Now, there is one more Clip layer that I want to add to the stack. You can see though that things are going pretty good at this point in time, not perfect, but they are looking pretty darn good. We'll refine things using some layer effects in a future exercise, but for now, I just want to lighten up the eyes, and I am going to do that by clicking on More Shadows to make it active. I am going to bring up my Adjustments panel, which you can also get by pressing the F10 key, if you loaded dekeKeys. And I am going to press the Alt key or the Option key on the Mac and click on the second button on the top row, which is the Levels button.
Brings up the New layer dialog box of course, since I Alt or Option clicked. And I'll call this new layer lighten. And then, I am going to turn on this check box, Use Previous layer to Create Clipping Mask. So that will add this Adjustment layer to the Clipping Mask stack. And I'll click OK in order to accept that New layer. You may recall I was telling you that Adjustment layers affect all layers below them by default. However, if you include them in a Clipping Mask, they only affect the layers insides that Clipping Mask. All right! I am going to go ahead and increase this first value, the black value, to 20, so anything with the luminance level of 20 or darker becomes black.
And then I'm going to tab over to the white value, so I press the Tab key twice, and I am going to press Shift+Down Arrow three times in a row, to reduce that value to 225. So I am saying anything with the luminance level of 225 or a lighter will become white. And now let's lighten up the Midtones here by pressing Shift+Tab in order to step back to that gamma value, that's that middle value right there. I'll press Shift+Up Arrow three times in a row in order to raise that value to 1.3, which is going to brighten the mid level colors inside the image.

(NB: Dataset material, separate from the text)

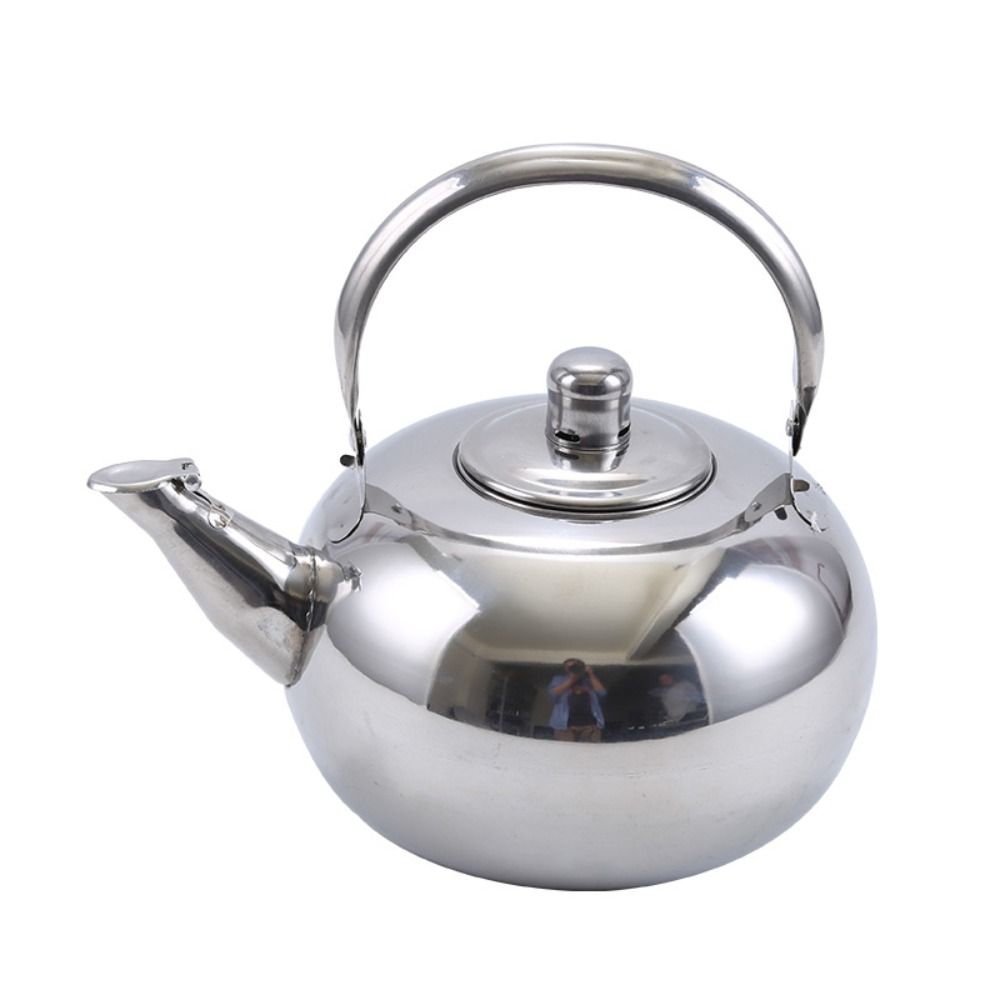 Portable Stainless Steel Water - Tea Coffee Pot Set ulasan dan harga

And then I'll hide the Adjustments panel. And this is the difference this layer makes; this is before and this is after. So just brightens things up a little, but does a heck of a job of making these irises look more volumetric. I'll go ahead and turn off all of these Clipped layers. This is the way these irises looked at the beginning of the exercise and this is the way they look now, thanks to a little bit of painting on new layers and a little bit of work with Blend modes, specifically Overlay for the Dodging effect and Multiply for the Shadows, and then of course a Clipped Adjustment layer to brighten the whole thing.
We still have some work to do. We are going to apply some layer Effects in the very next exercise.